DESCRIPTION OF THE TASK: Apart from the pictures, the listing is to be returned exactly.

[[ DATA SHOWN, beginning ]]

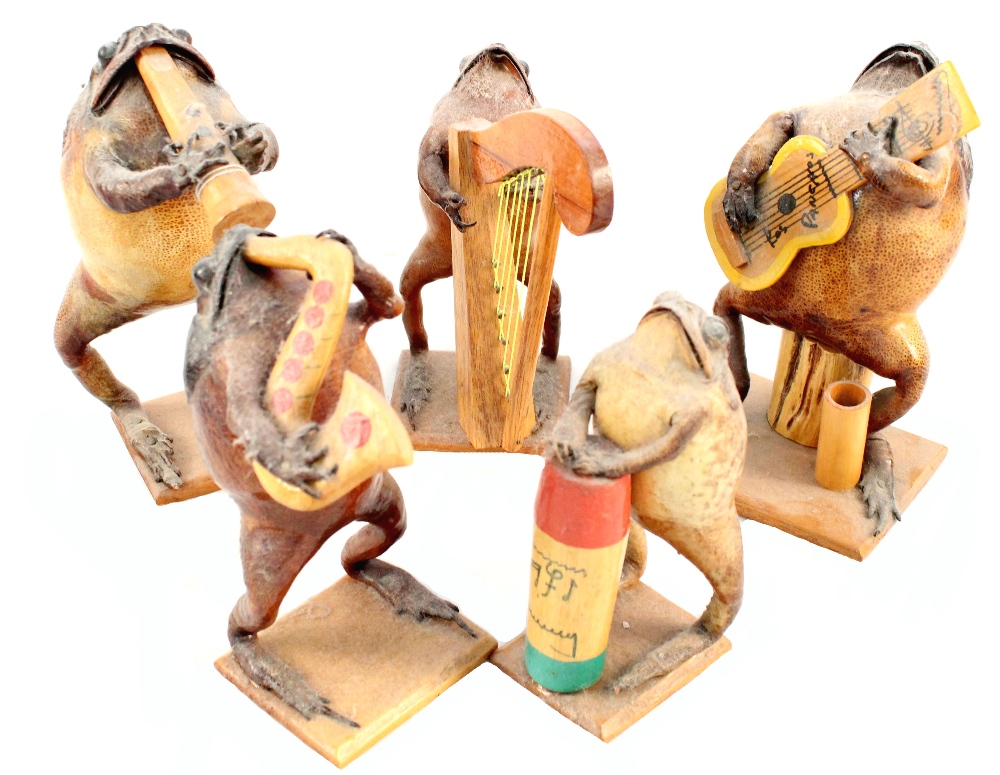 A taxidermy band of five toads playing various instruments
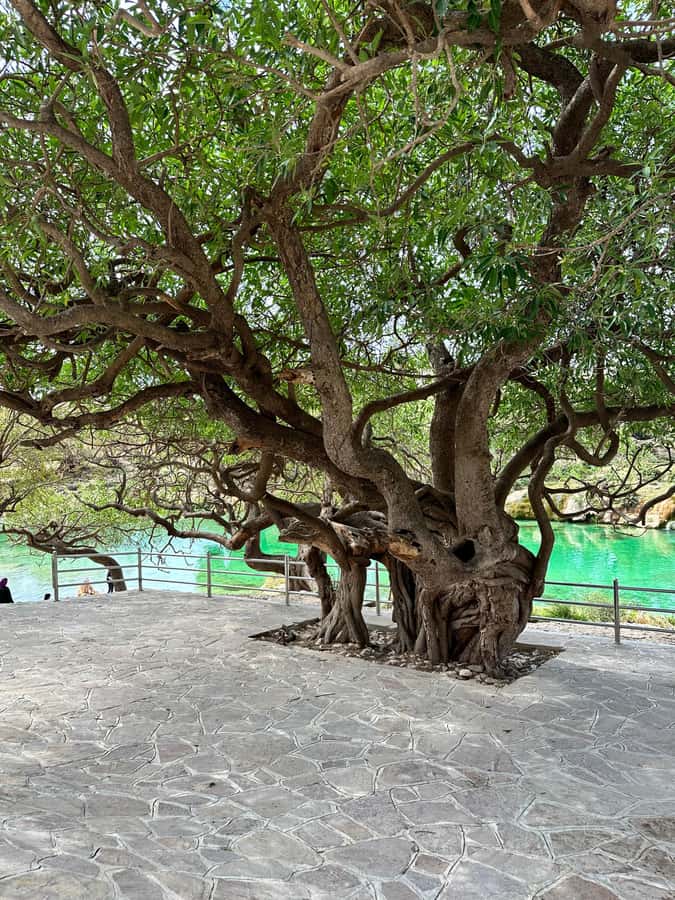 Elite Private Full Day Tour - Salalah Main Attractions - Wadi Derbat and the waterfall stop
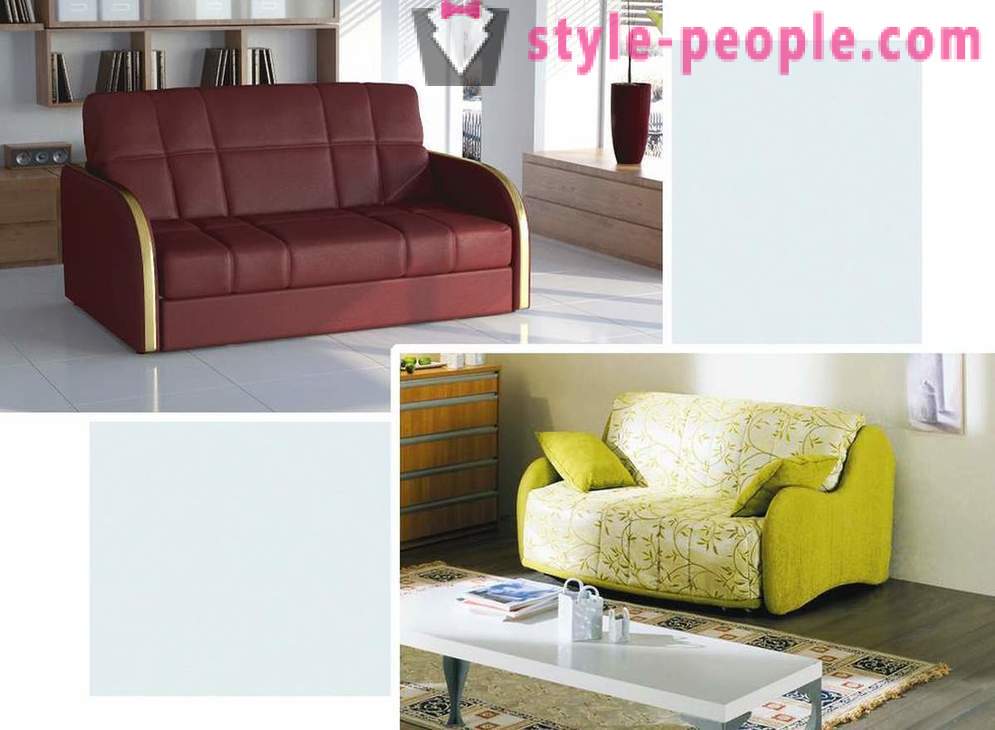 How to choose a sofa for your interior
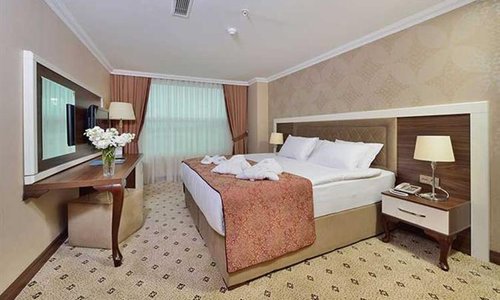 turkiye/kocaeli/basiskele/the-ness-thermal-spa-convention-hotel-343704543.png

[[ DATA SHOWN, end ]]

SOLUTION FOR THIS TASK:
 A taxidermy band of five toads playing various instruments
 Elite Private Full Day Tour - Salalah Main Attractions - Wadi Derbat and the waterfall stop
 How to choose a sofa for your interior
 turkiye/kocaeli/basiskele/the-ness-thermal-spa-convention-hotel-343704543.png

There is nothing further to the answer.